LFC stutter averages about 0.5/MaxHz, as LFC is essentially a collision between a pending refresh cycle & a monitor still-busy repeat-refreshing old refresh cycle. (Like a collision between two ethernet frames). Higher MaxHz means LFC becomes less necessary, since the framerate-to-refreshrate aliasing effect is so small with higher MaxHz (e.g. averages halftime of MaxHz, aka 0.5/480sec for 480Hz VRR), and you can luxuriously raise your LFC threshold to literally 100Hz and still have almost 5:1 MaxHz:MinHz ratio, knowing your 1fps-99fps material will still look defacto VRR, without the VRR flicker, and without LFC stutter due to the tinier stutter error (0.5/480sec).
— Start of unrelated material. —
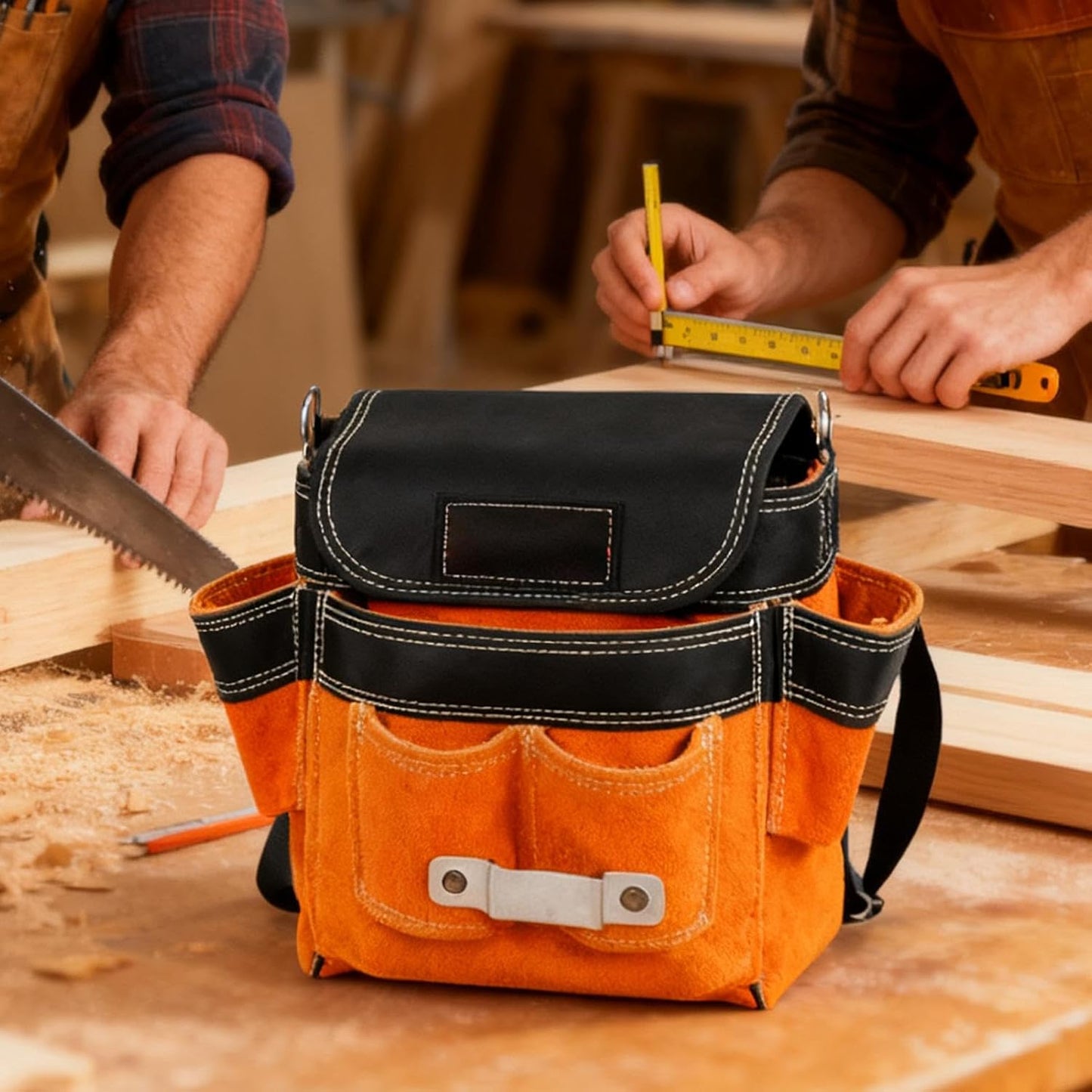  Pochette Porte-Outil, Banane Imperméable à Poches Multiples, Avec Bretelle Poches Multiples Pochette À Outils De Hanche Détachable, Pour Les Travaux De Construction, D'Électricité, De Maintenance, De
For example, at 50fps, 1ms of LFC-failure stutter is hidden in 50fps motionblur/low framerate stutter (25ms persistence!), so the 25:1 blur:stutter ratio means your stutter is rendered fully invisible due to the higher MaxHz. At that point, raising LFC MinHz above the flicker region, becomes the ergonomic improvement, you'd be nowhere near the 2.4x:1 ratio anymore.
___

Now that said, RTSS Scanline Sync is sometimes a better alternative if your monitor has unsolvable VRR flicker, aqlthough it's not quite user friendly to everyone, and 100Hz still has more lag than 175Hz...

Raising LFC threshold was the first solution I tried. But even 87 didn't help much because 87-174 fps jumps flickers the same as 55-110. And I have around 85fps in that game more often than around 55.
Nvidia is doing LFC regardless the ratio, even if the doubled fps exceeds monitor maxHz, they do LFC.
What worked for me the best with this approach was raising min VRR range to 120Hz and limiting game fps to 87. This way I have working VRR via LFC in FPS range 61 to 87, and no VRR below 61, when Nvidia is doing 175Hz with vsync judder, but that's much better than annoying brightness flicker.
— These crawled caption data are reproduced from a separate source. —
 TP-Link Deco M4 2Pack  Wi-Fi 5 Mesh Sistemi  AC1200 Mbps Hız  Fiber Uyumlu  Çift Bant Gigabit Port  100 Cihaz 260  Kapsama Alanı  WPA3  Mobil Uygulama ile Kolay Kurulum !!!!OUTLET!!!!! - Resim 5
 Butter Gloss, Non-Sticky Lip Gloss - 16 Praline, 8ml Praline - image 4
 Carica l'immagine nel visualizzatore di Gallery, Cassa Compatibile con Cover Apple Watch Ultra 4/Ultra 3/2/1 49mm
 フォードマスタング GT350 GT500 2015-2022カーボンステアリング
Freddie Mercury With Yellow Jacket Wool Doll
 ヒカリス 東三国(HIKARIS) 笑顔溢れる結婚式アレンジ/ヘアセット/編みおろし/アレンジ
But input lag with this approach (VRR via permanent LFC for fps range 61 to 87 resulting in 122-175Hz) does not feel better than the other approach I mentioned before, where I have working VRR in 50-100Hz range with VRR maxHz = 100.

My main problem is VRR OLED brightness flicker, not occasional stutter or tearing, that I can accept, but flicker is really the most annoying to me. These 2 options helps to reduce it to acceptable level, and the 2nd option seems to be a bit better overall.